- _Information supplied_:
※
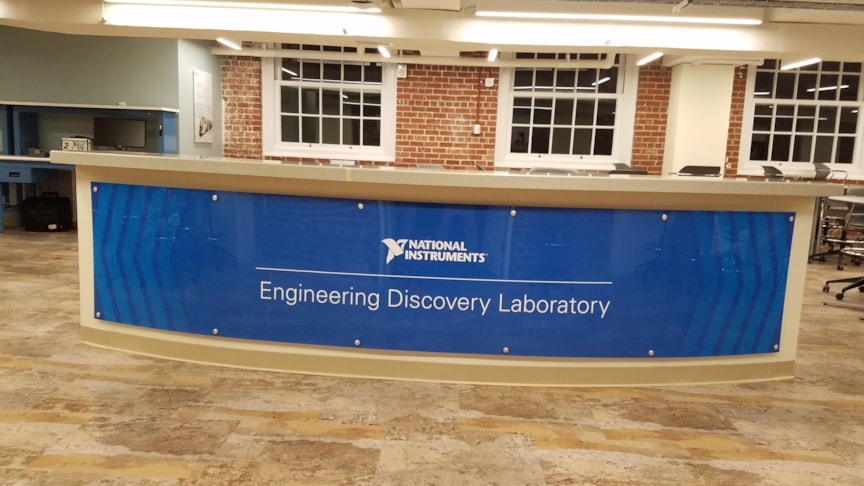 Interior Acrylic Display-National Instruments-Charlottesville Va
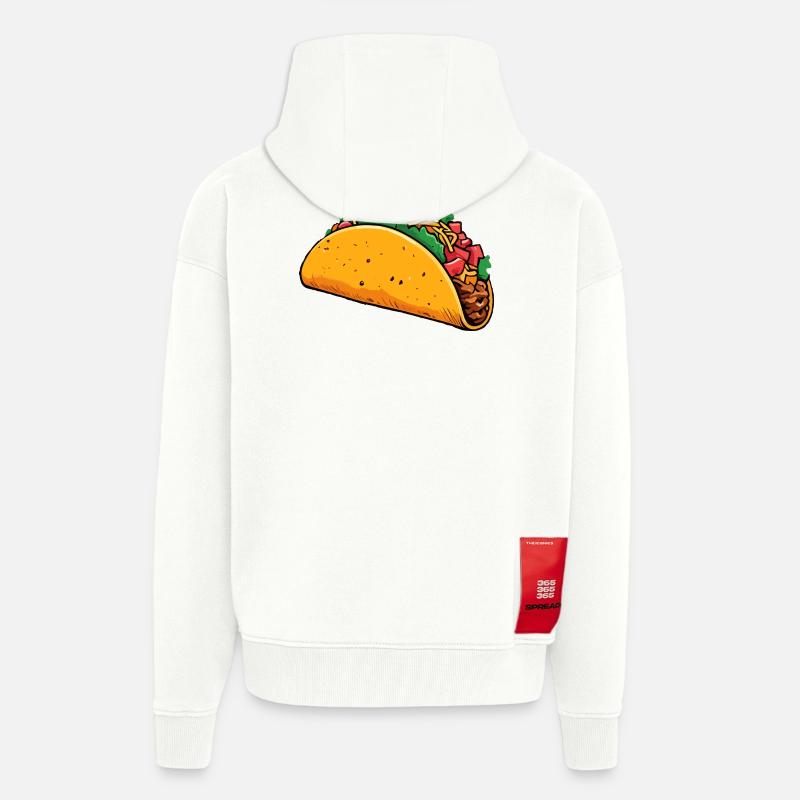 Tacos - Veste à capuche bio épaisse oversize fabriqué en UE - OFF WHITE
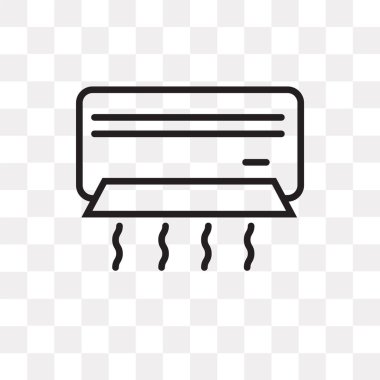 Saydam arka plan üzerinde Klima logo kavramı izole Klima vektör simgesi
※
- _What you are asked to do_: An exact copy of the listing is needed, minus its pictures.

- _Answer box_:
 Interior Acrylic Display-National Instruments-Charlottesville Va
 Tacos - Veste à capuche bio épaisse oversize fabriqué en UE - OFF WHITE
 Saydam arka plan üzerinde Klima logo kavramı izole Klima vektör simgesi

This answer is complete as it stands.